2. Un espace cubiste
La génération de Friedlander a connu une époque où la photographie était peu représentée au musée, où il n'y avait pas de galeries spécialisées, pas de marché, uniquement des petits formats en noir et blanc. La presse et quelques bourses permettaient de vivre. Aussi, le livre est devenu le moyen privilégié pour présenter son œuvre. « Comme l'appareil ne fait pas la différence entre un arbre et la forêt entière, dit Friedlander, je préfère le livre car il permet qu'on y revienne. » Le photographe a d'ailleurs été son propre éditeur pour quelques-uns de ses ouvrages.

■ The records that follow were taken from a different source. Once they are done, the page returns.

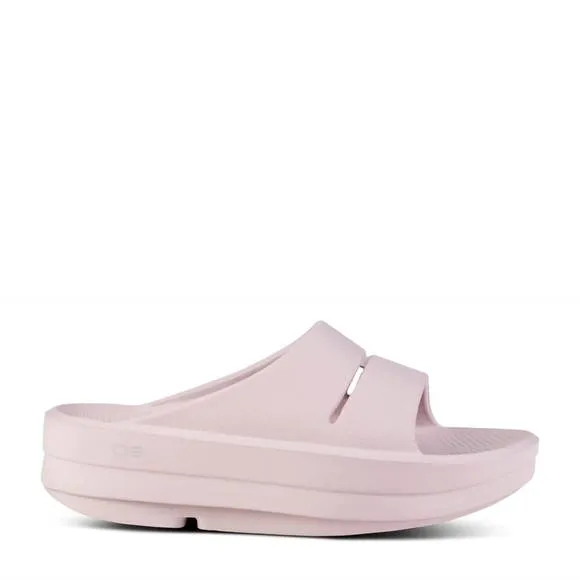 NEW OOFOS women's oomega ooahh sandal in stardust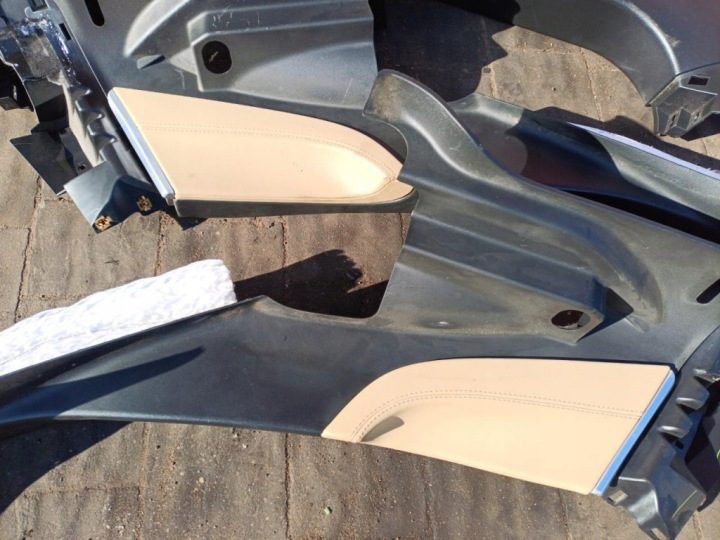 Tesla Model S сиденья диван задний кожа светлая, фото 8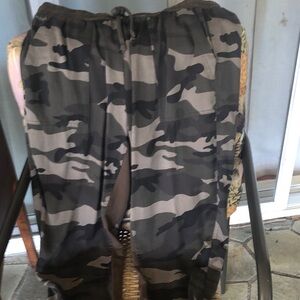 Dress Forum Camouflage Pants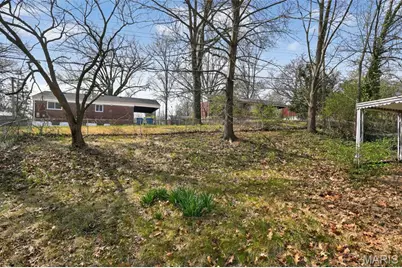 1722 Bradshaw Drive, Saint Louis, MO 63136 - Photo 6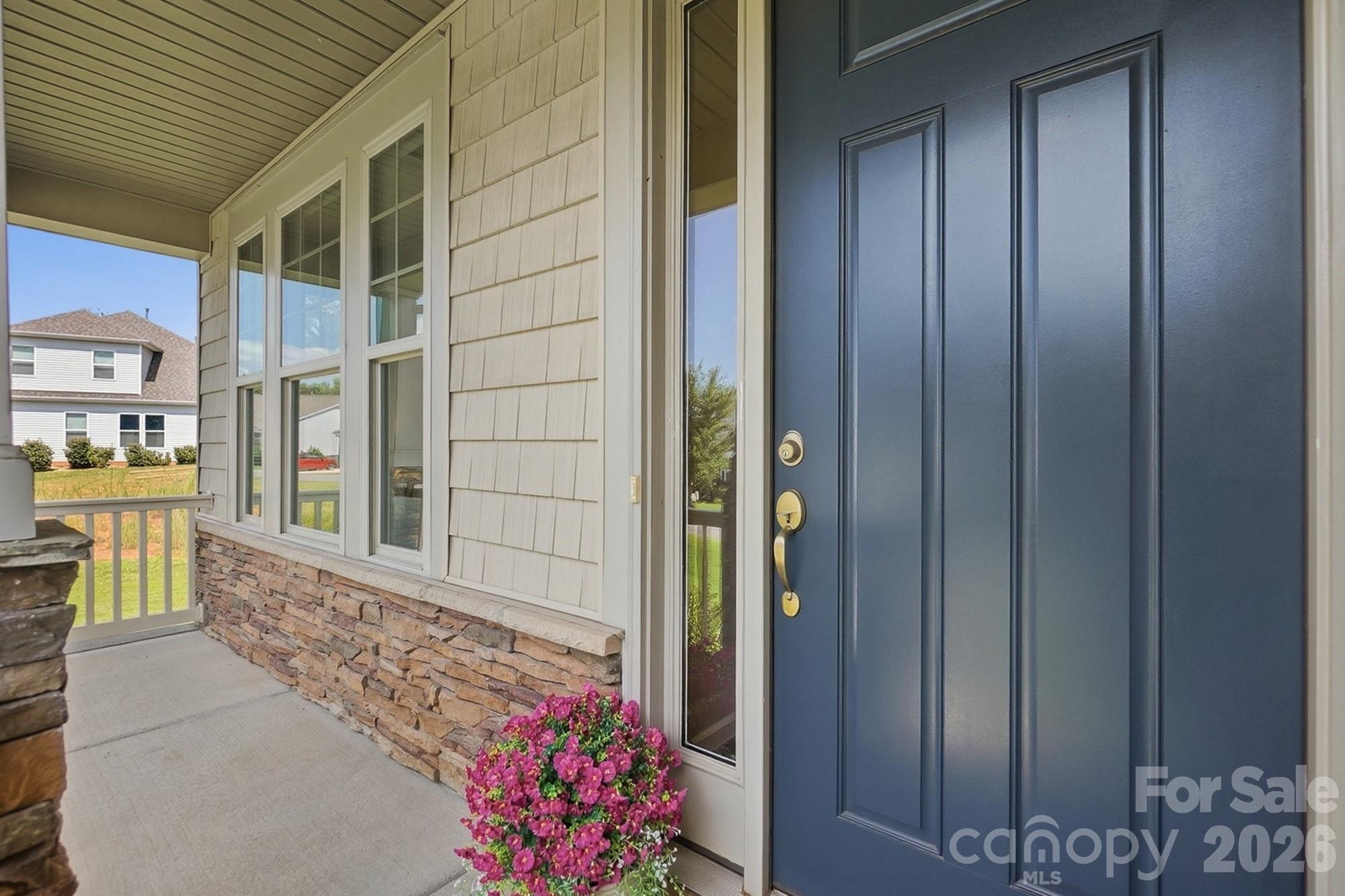 1100 Morning View Drive Property Photo 5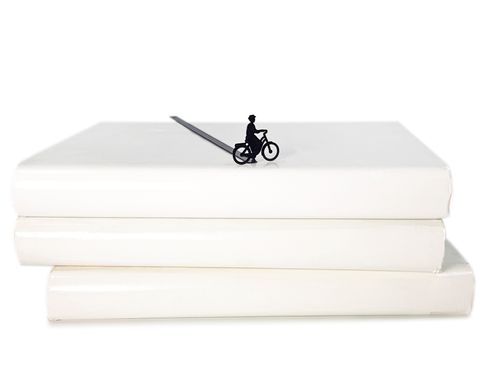 Закладка для книг «Пани на велосипеде» 1619396526150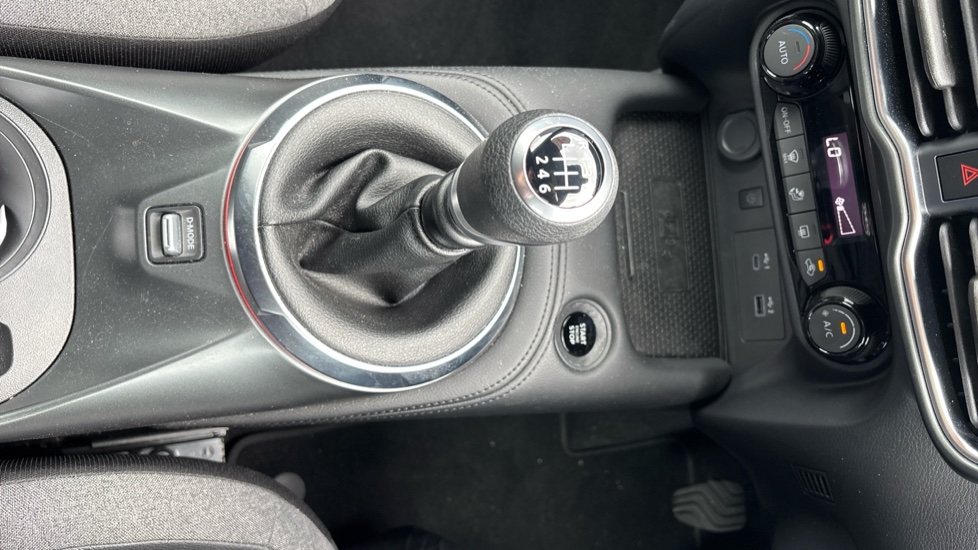 Nissan Juke 1.0 DiG-T N-Connecta 5dr Petrol Hatchback - Image 56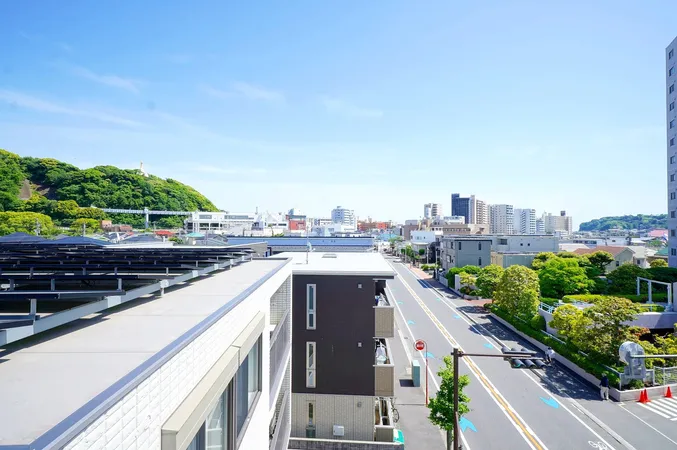 【屋上ルーフバルコニーからの眺望】屋上から山や海を眺めることができ自然を身近に感じながら生活できます。（季節・天候による）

Parmi ces livres, Maria (1992), petit objet émouvant, entièrement consacré à sa femme, avec des images qui courent de 1955 à 1991, traduisant l'évolution de la société américaine et annonçant l'esthétique du quotidien qui envahira la photographie. Car Friedlander saisit des absences de sujets. Il est d'ailleurs difficile de décrire ses images. On devine la rue, des vitrines, motels, drive-in, voitures, paysages de l'Ouest, intérieurs, nus froids, autoportraits. Par le jeu du reflet, l'espace et les objets sont réduits en fragments, dont la rotation rappelle la manière d'un kaléidoscope. Ces détails errant dans une composition aux directions multiples donnent à la photographie toute son originalité. Friedlander accolle des plans dissonants plutôt qu'il ne cherche une harmonie dans la perspective. La netteté obtenue dans la profondeur bouscule la lecture comme dans un tableau cubiste. « Le monde, affirme-t-il, est aussi désordonné que je le montre. » Dans ses autoportraits, on ne voit parfois que l'ombre, les pieds, la tête ronde, une silhouette menaçante. Friedlander est un observateur virtuose des signes urbains, dressant un portrait de la culture vernaculaire occidentale. Il est à l'opposé de l'humanisme poétique et sentimental de l'école française des années 1950 (Doisneau, Boubat, Izis, Ronis). Et loin de la satire sociale qu'incarne William Klein. Il s'inscrit dans une tradition documentaire bi […]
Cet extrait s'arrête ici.